Ber-Backpacker-an Asyik
Traveling
dengan biaya minim? enggak usah malu. kini lagi ngeTren, kok.
Pada dasarnya, semua
orang doyan sama yang namanya traveling. Sebuah penelitian membuktikan,
7 dari 10 orang di dunia senang bepergian. Tapi, zaman dulu, rasanya berwisata
ke tempat-tempat baru hanya bisa dilakukan orang berduit lebih saja. Apalagi
kalau pingin pergi ke luar negeri, yang biayanya selangit. Rasanya itu cuma ada
di awang-awang saja. Mira contohnya. Dari kecil dia ingin sekali
pelesir
ke daerah-daerah di Indonesia. Dia juga punya mimpi berkeliling dunia. Tapi
keinginan itu agaknya susah terwujud. Mira merasa semua terhambat oleh biaya
dan waktu. “Berapa uang yang harus disiapkan, belum lagi waktu untuk
jalan-jalan.

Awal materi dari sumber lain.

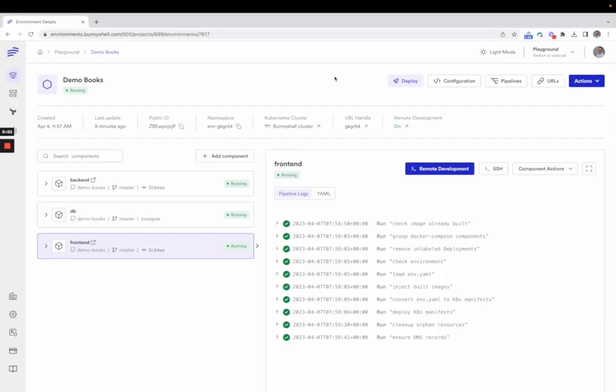An environment in Bunnyshell is a workspace that consists of components, volumes, and environment variables required to run an application or platform.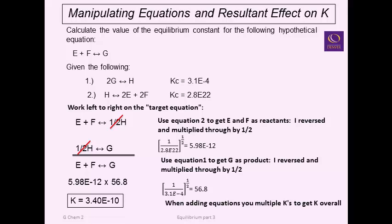To summarize the three rules: first, if you reverse the equation, take the inverse of K. Second, if you multiply through an expression by some factor, raise K to the power of that factor. Third, when adding equilibrium expressions together, the K's are multiplied.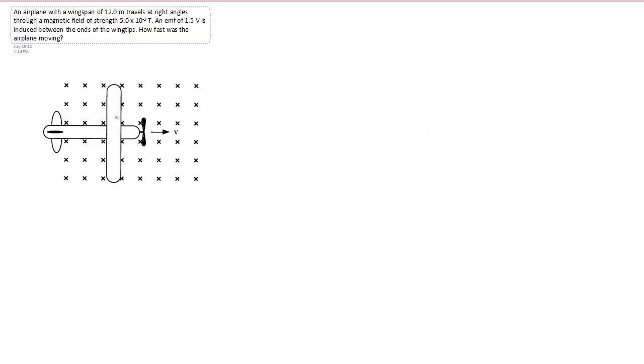So let's put a couple of positives in here and we'll work on that first. The velocity of these charges is the same as the velocity of the plane. So they're moving to the right. Our field lines are into the page.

Belum tentu dapat cuti dari kantor,” ujarnya.
Tapi sebenarnya kini traveling
bukan lagi milik orang yang punya banyak uang saja. Orang- orang yang duitnya,
ya, tak banyak-banyak amat juga bisa menikmati bepergian ke berbagai tempat.
Tren yang sedang digilai, khususnya anak-anak muda, saat ini adalah backpacker.
Konsep traveling ini sebenarnya sangat lumrah di luar negeri. Tapi, di Indonesia,
baru tahun-tahun terakhir ini saja marak.
Backpacker
adalah sebutan untuk orang-orang yang gemar menjelajah dengan bujet minim.
Dikenal dengan backpacker karena biasanya orang-orang ini selalu membawa
tas punggung dalam perjalanannya. “Itu menjadi ciri khas,” ujar Bima asal Jakarta.
Berbagai forum tentang backpacker kini makin ramai di dunia maya.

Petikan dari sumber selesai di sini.